**TO DO:** What you need to produce from the material below is an exact transcription of the lines from the one with "multiple windows Spacious" through the one with "Amir beams as", both included, and no other line.
:::
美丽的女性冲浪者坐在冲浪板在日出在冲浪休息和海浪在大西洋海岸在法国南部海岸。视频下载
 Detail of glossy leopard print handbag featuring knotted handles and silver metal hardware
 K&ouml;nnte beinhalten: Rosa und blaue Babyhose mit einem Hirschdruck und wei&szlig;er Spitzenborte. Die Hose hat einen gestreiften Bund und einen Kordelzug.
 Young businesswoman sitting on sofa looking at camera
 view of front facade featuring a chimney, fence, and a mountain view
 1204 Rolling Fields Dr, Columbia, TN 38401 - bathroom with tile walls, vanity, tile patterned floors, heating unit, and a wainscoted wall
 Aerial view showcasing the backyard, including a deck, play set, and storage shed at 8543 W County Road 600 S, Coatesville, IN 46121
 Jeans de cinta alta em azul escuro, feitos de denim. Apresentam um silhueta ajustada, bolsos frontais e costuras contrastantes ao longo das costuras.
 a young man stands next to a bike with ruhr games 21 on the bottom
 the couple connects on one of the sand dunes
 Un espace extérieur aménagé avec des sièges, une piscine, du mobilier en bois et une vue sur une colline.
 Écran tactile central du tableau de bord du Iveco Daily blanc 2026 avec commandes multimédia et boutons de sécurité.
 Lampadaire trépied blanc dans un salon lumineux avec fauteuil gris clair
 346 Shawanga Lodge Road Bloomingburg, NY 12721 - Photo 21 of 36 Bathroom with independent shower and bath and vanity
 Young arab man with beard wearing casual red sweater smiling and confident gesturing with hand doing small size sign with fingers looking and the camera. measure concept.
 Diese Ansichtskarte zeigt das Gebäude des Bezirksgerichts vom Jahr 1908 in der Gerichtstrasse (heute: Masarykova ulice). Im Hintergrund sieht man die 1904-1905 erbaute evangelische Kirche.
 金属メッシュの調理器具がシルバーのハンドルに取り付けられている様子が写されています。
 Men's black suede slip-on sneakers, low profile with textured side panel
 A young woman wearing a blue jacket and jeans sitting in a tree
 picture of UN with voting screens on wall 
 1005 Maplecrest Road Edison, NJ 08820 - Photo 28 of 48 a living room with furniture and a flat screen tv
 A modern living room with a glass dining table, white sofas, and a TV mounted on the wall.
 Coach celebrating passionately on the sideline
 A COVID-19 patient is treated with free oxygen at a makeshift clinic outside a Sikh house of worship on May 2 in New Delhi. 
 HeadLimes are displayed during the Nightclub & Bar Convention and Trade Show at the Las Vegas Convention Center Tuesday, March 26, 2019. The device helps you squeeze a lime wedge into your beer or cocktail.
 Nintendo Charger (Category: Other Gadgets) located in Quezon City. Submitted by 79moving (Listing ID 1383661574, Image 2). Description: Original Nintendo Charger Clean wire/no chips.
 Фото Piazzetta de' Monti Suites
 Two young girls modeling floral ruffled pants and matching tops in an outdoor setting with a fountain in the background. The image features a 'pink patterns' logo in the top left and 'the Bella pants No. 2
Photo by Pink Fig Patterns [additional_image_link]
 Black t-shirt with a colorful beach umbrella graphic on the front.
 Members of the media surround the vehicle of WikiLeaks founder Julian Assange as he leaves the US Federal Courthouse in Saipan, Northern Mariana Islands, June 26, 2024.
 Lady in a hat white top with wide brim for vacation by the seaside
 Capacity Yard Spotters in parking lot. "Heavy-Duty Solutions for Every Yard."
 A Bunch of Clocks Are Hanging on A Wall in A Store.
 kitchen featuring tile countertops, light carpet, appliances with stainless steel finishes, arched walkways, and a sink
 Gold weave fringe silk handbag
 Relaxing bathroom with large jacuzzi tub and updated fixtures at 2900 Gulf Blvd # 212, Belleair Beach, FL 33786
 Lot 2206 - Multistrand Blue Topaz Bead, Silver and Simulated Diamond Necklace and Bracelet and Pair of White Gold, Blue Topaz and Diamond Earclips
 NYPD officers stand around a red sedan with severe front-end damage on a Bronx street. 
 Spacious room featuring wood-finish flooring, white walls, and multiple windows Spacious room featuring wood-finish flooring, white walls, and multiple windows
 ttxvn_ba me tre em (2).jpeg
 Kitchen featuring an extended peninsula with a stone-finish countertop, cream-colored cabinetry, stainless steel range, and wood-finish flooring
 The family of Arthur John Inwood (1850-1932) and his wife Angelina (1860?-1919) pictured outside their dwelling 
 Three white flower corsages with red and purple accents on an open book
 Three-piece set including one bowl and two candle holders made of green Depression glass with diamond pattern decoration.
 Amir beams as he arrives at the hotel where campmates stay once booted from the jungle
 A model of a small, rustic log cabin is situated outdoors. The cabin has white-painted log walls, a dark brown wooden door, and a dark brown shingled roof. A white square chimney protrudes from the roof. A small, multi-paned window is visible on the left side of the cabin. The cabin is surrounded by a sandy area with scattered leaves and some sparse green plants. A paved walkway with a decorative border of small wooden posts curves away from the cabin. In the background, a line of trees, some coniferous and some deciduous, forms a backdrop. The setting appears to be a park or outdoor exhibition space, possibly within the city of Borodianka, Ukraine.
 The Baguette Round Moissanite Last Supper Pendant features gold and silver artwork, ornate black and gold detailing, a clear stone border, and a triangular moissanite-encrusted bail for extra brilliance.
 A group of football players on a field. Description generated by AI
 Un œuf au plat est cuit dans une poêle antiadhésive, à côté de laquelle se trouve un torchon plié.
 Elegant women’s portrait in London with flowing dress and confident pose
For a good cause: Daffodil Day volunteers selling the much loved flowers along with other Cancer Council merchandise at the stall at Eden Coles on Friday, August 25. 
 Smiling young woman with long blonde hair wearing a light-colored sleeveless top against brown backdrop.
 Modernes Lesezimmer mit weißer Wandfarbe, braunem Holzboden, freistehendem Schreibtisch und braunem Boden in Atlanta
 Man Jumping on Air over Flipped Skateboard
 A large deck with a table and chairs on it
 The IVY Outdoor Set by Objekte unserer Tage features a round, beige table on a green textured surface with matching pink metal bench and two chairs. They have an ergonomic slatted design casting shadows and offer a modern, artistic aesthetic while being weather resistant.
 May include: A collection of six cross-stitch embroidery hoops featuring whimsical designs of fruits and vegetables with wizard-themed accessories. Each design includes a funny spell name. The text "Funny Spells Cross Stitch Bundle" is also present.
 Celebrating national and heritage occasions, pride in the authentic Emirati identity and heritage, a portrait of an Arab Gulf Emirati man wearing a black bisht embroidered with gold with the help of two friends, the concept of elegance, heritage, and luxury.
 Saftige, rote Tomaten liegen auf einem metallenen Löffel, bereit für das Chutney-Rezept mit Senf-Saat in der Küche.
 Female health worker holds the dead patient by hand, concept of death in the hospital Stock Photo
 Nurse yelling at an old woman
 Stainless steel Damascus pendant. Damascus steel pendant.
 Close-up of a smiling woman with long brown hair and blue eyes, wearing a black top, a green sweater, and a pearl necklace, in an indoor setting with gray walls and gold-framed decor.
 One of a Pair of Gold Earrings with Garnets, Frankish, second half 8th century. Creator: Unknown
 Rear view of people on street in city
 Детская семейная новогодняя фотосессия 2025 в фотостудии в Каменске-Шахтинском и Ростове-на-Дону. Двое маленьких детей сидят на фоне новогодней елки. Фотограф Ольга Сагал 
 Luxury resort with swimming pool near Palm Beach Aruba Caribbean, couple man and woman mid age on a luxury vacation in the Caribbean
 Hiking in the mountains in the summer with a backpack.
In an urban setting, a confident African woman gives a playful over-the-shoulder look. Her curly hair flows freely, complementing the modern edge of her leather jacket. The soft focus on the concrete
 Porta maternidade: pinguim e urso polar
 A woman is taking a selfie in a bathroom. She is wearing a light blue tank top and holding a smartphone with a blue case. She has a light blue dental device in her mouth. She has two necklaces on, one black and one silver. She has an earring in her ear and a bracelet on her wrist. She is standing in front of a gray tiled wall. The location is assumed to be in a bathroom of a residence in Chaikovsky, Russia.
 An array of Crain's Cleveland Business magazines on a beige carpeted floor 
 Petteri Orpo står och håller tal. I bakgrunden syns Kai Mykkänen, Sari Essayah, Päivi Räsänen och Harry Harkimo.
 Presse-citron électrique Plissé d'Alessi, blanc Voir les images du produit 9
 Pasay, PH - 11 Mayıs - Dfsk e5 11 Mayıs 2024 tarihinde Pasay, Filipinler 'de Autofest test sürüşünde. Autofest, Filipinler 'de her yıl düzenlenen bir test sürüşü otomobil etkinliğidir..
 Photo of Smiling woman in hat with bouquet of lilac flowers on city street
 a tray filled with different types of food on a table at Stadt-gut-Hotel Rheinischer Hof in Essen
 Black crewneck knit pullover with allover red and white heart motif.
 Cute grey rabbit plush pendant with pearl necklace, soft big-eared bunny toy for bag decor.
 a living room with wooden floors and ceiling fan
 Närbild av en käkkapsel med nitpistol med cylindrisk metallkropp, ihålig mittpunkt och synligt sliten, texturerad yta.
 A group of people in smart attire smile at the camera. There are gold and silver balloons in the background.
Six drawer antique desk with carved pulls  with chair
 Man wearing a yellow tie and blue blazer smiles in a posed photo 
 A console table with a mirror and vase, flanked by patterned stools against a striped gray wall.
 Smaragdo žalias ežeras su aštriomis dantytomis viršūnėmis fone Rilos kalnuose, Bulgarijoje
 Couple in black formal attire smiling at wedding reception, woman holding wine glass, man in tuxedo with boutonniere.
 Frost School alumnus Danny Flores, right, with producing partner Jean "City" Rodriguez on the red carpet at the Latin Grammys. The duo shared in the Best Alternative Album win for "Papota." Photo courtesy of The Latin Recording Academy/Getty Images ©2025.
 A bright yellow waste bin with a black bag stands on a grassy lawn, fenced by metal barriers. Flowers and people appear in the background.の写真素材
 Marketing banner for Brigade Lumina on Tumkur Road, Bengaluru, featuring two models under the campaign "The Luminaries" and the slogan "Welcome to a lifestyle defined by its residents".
:::
**EXERCISE SOLUTION:**
 Spacious room featuring wood-finish flooring, white walls, and multiple windows Spacious room featuring wood-finish flooring, white walls, and multiple windows
 ttxvn_ba me tre em (2).jpeg
 Kitchen featuring an extended peninsula with a stone-finish countertop, cream-colored cabinetry, stainless steel range, and wood-finish flooring
 The family of Arthur John Inwood (1850-1932) and his wife Angelina (1860?-1919) pictured outside their dwelling 
 Three white flower corsages with red and purple accents on an open book
 Three-piece set including one bowl and two candle holders made of green Depression glass with diamond pattern decoration.
 Amir beams as he arrives at the hotel where campmates stay once booted from the jungle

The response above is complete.